El presidente se ha reunido con la reina antes, pero no desde 1982, cuando era senador en un viaje patrocinado por un grupo parlamentario británico-estadounidense que promovía las relaciones entre el Parlamento y el Congreso de los Estados Unidos.

Obviamente, los dos no van de la mano: Biden celebra sus raíces de clase trabajadora y su herencia irlandesa-estadounidense. En su primer discurso después de aterrizar en Gran Bretaña el miércoles, se refirió a un pasaje de un poema favorito «Pascua de 1916» de William Butler Yeats sobre el levantamiento irlandés contra el dominio británico.

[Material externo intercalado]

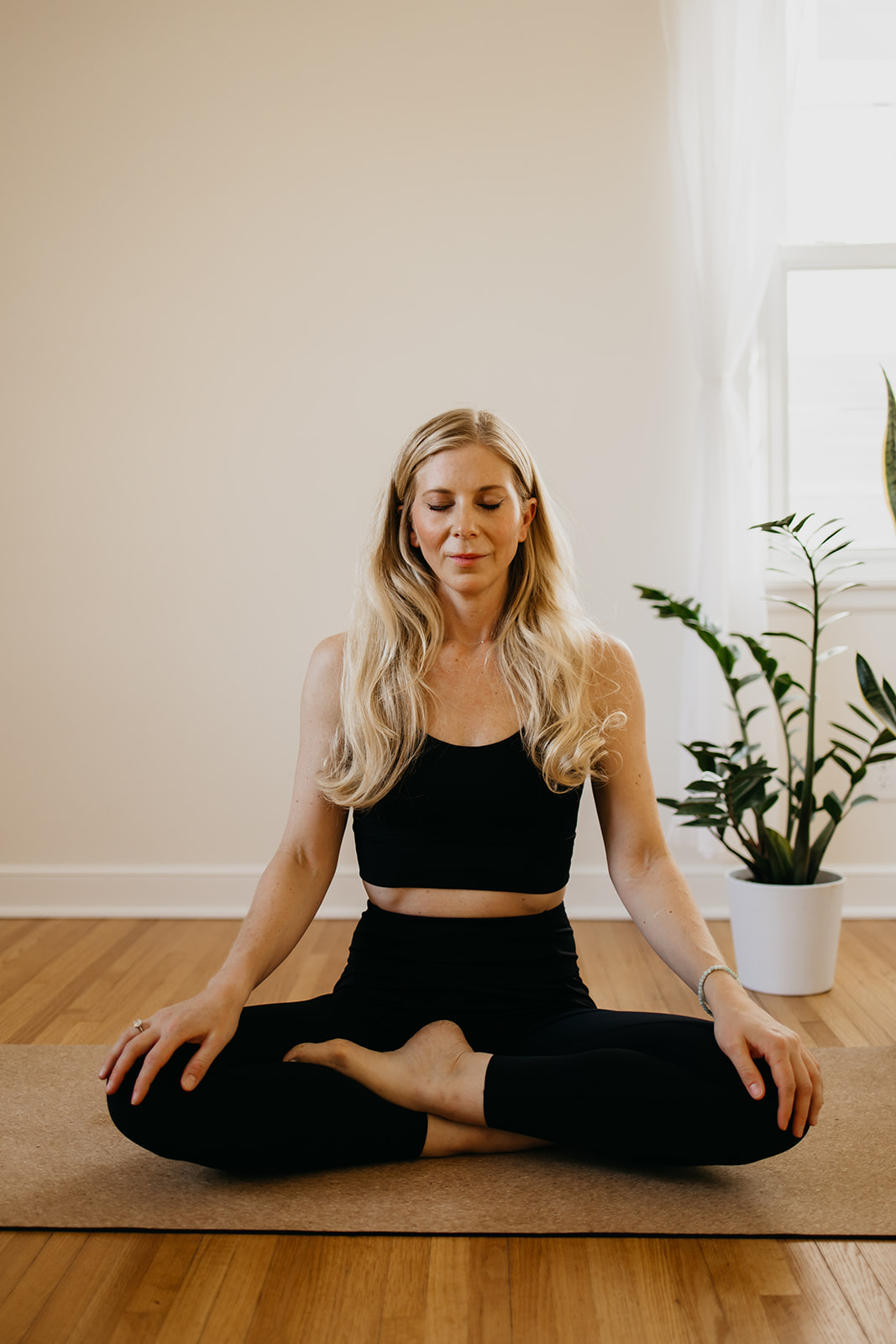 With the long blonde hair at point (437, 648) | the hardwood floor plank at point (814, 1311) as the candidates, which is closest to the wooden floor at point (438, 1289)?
the hardwood floor plank at point (814, 1311)

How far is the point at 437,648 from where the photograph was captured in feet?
5.66

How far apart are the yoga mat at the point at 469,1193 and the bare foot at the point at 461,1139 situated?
2 cm

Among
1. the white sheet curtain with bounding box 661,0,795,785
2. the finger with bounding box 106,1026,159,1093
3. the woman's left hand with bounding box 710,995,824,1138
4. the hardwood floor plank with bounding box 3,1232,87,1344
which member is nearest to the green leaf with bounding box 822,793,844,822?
the white sheet curtain with bounding box 661,0,795,785

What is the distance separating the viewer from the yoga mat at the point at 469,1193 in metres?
1.35

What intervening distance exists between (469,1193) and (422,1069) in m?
0.16

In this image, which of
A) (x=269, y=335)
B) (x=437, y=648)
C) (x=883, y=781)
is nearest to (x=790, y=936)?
(x=883, y=781)

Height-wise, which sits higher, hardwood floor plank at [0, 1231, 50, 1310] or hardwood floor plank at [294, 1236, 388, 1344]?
hardwood floor plank at [0, 1231, 50, 1310]

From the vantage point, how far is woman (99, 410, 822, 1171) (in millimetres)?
1374

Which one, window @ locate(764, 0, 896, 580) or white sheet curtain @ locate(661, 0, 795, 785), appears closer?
white sheet curtain @ locate(661, 0, 795, 785)

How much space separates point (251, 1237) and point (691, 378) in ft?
7.67

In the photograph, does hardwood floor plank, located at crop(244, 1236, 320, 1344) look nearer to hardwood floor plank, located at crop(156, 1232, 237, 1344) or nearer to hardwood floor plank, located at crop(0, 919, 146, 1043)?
hardwood floor plank, located at crop(156, 1232, 237, 1344)

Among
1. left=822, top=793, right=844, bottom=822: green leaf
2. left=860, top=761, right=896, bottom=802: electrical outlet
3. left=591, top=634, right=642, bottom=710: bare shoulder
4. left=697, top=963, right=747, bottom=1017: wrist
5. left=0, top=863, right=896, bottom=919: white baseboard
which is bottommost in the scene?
left=0, top=863, right=896, bottom=919: white baseboard

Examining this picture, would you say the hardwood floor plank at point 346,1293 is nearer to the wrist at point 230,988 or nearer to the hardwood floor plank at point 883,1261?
the wrist at point 230,988

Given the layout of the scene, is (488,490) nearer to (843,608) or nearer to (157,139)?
(843,608) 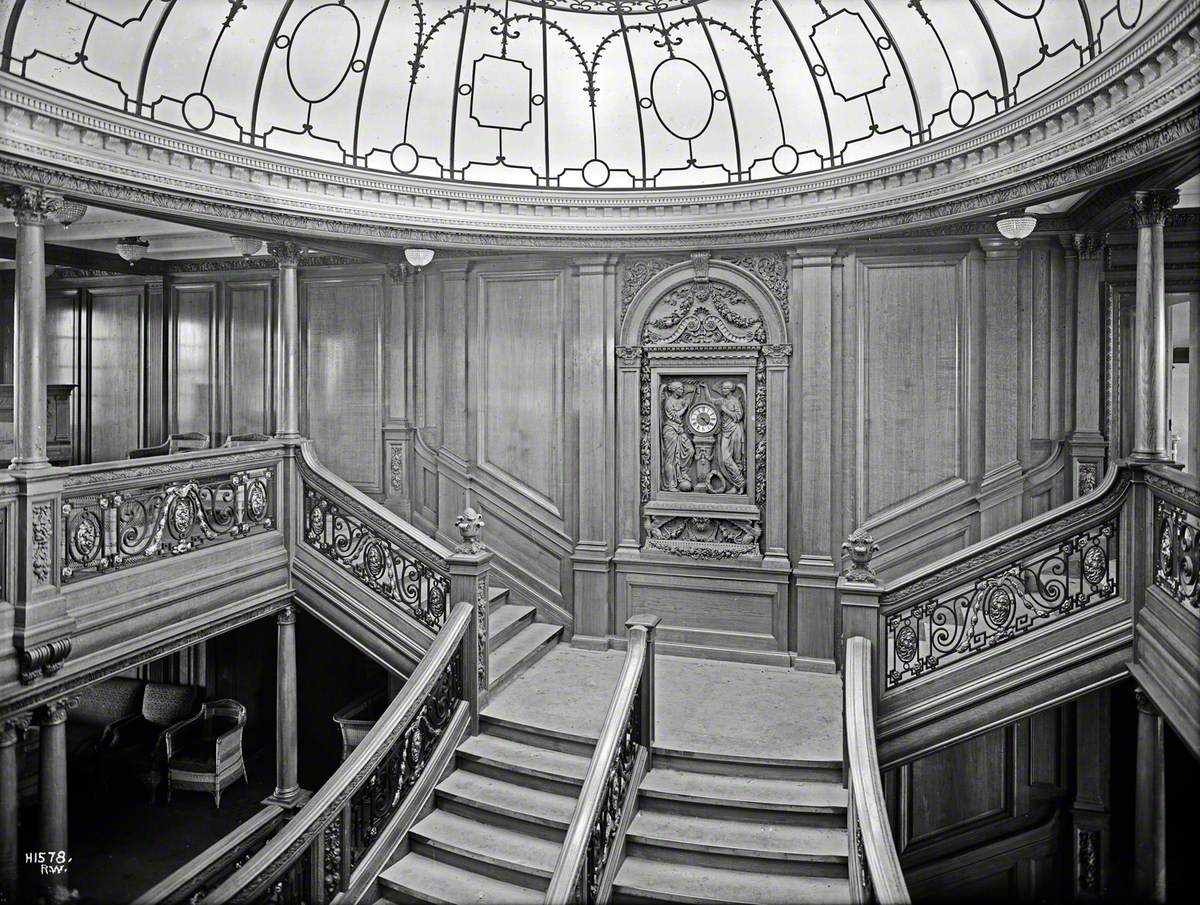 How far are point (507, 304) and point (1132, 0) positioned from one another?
213 inches

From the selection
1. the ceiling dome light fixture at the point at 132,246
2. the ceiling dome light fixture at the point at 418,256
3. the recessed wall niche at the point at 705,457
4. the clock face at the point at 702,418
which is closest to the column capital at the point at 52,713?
the ceiling dome light fixture at the point at 418,256

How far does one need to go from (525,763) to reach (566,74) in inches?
222

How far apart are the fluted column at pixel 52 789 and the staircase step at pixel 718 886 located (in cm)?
340

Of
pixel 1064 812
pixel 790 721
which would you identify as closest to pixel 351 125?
pixel 790 721

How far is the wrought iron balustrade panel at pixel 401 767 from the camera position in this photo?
5621mm

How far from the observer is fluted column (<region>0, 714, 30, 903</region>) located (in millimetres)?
5086

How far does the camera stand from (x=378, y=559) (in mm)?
7094

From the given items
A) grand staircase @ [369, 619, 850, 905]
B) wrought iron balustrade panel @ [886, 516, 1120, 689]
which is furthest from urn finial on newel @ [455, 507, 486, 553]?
wrought iron balustrade panel @ [886, 516, 1120, 689]

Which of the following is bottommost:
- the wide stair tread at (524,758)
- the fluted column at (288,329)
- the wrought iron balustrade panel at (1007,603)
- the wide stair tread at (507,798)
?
the wide stair tread at (507,798)

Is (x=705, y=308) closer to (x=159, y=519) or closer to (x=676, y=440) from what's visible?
(x=676, y=440)

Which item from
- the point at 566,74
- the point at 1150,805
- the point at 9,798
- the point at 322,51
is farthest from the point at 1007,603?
the point at 322,51

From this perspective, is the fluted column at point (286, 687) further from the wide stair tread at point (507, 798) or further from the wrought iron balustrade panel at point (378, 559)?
the wide stair tread at point (507, 798)

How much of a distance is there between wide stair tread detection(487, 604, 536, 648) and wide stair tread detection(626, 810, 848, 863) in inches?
93.9

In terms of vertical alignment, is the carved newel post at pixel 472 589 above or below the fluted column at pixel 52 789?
above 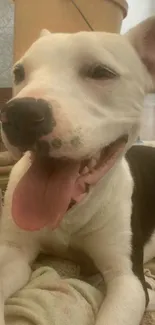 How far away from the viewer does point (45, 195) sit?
119 centimetres

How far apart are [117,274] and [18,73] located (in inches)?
23.3

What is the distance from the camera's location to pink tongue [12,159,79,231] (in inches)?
46.6

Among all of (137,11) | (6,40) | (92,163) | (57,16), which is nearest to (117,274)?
(92,163)

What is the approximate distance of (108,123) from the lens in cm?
120

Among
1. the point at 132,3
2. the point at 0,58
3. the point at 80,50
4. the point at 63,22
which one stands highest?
the point at 80,50

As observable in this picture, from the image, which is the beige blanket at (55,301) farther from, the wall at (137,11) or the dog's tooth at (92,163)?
the wall at (137,11)

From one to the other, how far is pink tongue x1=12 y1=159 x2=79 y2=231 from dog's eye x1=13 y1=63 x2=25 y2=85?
271 millimetres

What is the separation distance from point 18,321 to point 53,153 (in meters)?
0.41

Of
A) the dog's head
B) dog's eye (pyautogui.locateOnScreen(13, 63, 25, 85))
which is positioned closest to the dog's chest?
the dog's head

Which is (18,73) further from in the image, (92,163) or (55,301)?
(55,301)

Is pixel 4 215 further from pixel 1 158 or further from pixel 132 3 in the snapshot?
pixel 132 3

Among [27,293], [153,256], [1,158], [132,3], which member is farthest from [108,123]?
[132,3]

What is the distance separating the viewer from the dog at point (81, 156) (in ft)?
3.58

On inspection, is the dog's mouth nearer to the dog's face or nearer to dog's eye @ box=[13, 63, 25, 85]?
the dog's face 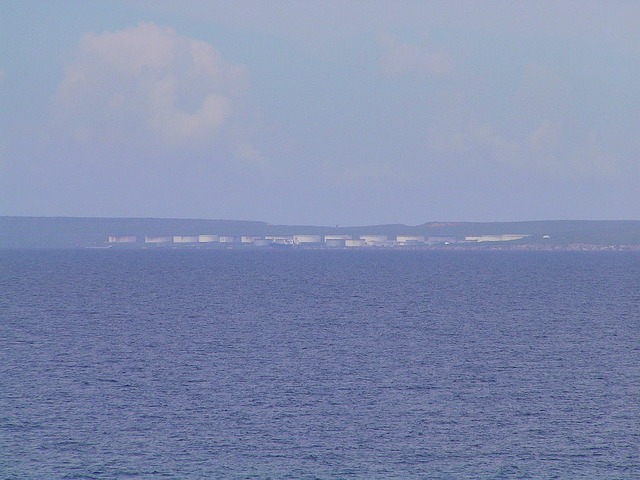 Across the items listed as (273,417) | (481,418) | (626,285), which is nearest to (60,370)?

Pero los dos comparten una experiencia de pérdida común: la primera esposa de Biden, Neilia, y una hija murieron en un accidente automovilístico poco después de que él fuera elegido para el Senado en 1972. En 2015, su hijo mayor Beau murió de cáncer cerebral. El esposo de la reina, el príncipe Felipe, murió el 9 de abril a la edad de 99 años, poco antes de cumplir 100 años.

«Hoy habría sido el cumpleaños número 100 del príncipe Felipe», dijo Biden el jueves y expresó sus condolencias a la reina y su familia. «Sé que mucha gente hoy siente su ausencia».

La muerte de Felipe hizo que algunos especularan que la reina se retiraría del ojo público. Pero ha sido bastante visible durante las últimas semanas cuando presidió la apertura del Parlamento y viajó a Cornualles para asistir a una recepción con Johnson, Biden, la canciller alemana Angela Merkel y otros líderes.

En el almuerzo del viernes, le entregaron una espada ceremonial para cortar un pastel, que manejó con cuidado. Cuando un ayudante le dijo que había un cuchillo normal para hacer el trabajo, la reina espetó: «Sé que lo es, eso es más inusual».

Después de casi siete décadas en el trono, la Reina se ha reunido con todos los presidentes estadounidenses desde Harry S. Truman, excepto Lyndon B. Johnson, y ha estado expuesta a una serie de gestos presidenciales, peculiaridades y uno o dos pasos en falso.

Compartió una receta de bollos con Dwight D. Eisenhower, bromeó con Gerald R. Ford sobre los hijos descarriados, habló de caballos con Ronald Reagan, fue a un partido de béisbol con George HW Bush y le arrancó la lengua a su hijo George W. Bush por un desliz. , en el que afirmó que ella estaba allí por la independencia de Estados Unidos en 1776.

Sin embargo, ha habido pocos encuentros en comparación con su reunión con Trump en 2018. El presidente parecía estar parado frente al monarca mientras los dos inspeccionaban la guardia de honor del Castillo de Windsor, obligándola a caminar alrededor del presidente. La imagen desató una tormenta en las redes sociales, con comentaristas reales discutiendo sobre la gravedad de la violación del protocolo diplomático.

El tratamiento espontáneo no pareció dañar a Trump en su próxima visita en 2019. La reina le ofreció un extravagante banquete de estado en el Palacio de Buckingham, después de lo cual el presidente dijo que él y Elizabeth tenían «química automática» y que le dijeron que ella nunca la había pasado mejor en una noche como esa.

«Es una mujer espectacular», dijo a Fox News.